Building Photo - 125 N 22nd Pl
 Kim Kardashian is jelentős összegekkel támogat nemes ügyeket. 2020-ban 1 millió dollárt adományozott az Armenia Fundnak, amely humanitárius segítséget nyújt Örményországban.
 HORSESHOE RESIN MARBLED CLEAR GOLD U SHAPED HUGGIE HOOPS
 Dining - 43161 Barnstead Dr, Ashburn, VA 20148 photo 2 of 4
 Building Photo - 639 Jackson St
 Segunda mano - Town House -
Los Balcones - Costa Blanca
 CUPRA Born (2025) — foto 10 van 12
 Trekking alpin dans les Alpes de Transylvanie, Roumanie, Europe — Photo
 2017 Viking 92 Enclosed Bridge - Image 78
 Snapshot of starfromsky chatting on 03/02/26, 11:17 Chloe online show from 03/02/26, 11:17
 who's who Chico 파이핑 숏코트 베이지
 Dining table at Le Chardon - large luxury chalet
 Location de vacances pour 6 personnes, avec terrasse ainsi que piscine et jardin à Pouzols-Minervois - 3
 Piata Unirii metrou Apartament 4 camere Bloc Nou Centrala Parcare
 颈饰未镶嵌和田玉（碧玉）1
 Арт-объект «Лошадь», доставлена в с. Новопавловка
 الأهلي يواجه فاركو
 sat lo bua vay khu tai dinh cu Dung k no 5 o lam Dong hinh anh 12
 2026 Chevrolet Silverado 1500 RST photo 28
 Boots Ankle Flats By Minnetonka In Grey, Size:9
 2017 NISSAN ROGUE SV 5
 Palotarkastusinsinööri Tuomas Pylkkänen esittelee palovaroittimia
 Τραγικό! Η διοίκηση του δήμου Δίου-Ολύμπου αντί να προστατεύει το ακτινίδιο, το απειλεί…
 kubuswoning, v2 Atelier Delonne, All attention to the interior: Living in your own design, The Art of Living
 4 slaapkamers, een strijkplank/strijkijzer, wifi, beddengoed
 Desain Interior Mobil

_EXERCISE DETAILS_
An exact copy of all the entries above is what is needed.

_PROBLEM SOLUTION_
Building Photo - 125 N 22nd Pl
 Kim Kardashian is jelentős összegekkel támogat nemes ügyeket. 2020-ban 1 millió dollárt adományozott az Armenia Fundnak, amely humanitárius segítséget nyújt Örményországban.
 HORSESHOE RESIN MARBLED CLEAR GOLD U SHAPED HUGGIE HOOPS
 Dining - 43161 Barnstead Dr, Ashburn, VA 20148 photo 2 of 4
 Building Photo - 639 Jackson St
 Segunda mano - Town House -
Los Balcones - Costa Blanca
 CUPRA Born (2025) — foto 10 van 12
 Trekking alpin dans les Alpes de Transylvanie, Roumanie, Europe — Photo
 2017 Viking 92 Enclosed Bridge - Image 78
 Snapshot of starfromsky chatting on 03/02/26, 11:17 Chloe online show from 03/02/26, 11:17
 who's who Chico 파이핑 숏코트 베이지
 Dining table at Le Chardon - large luxury chalet
 Location de vacances pour 6 personnes, avec terrasse ainsi que piscine et jardin à Pouzols-Minervois - 3
 Piata Unirii metrou Apartament 4 camere Bloc Nou Centrala Parcare
 颈饰未镶嵌和田玉（碧玉）1
 Арт-объект «Лошадь», доставлена в с. Новопавловка
 الأهلي يواجه فاركو
 sat lo bua vay khu tai dinh cu Dung k no 5 o lam Dong hinh anh 12
 2026 Chevrolet Silverado 1500 RST photo 28
 Boots Ankle Flats By Minnetonka In Grey, Size:9
 2017 NISSAN ROGUE SV 5
 Palotarkastusinsinööri Tuomas Pylkkänen esittelee palovaroittimia
 Τραγικό! Η διοίκηση του δήμου Δίου-Ολύμπου αντί να προστατεύει το ακτινίδιο, το απειλεί…
 kubuswoning, v2 Atelier Delonne, All attention to the interior: Living in your own design, The Art of Living
 4 slaapkamers, een strijkplank/strijkijzer, wifi, beddengoed
 Desain Interior Mobil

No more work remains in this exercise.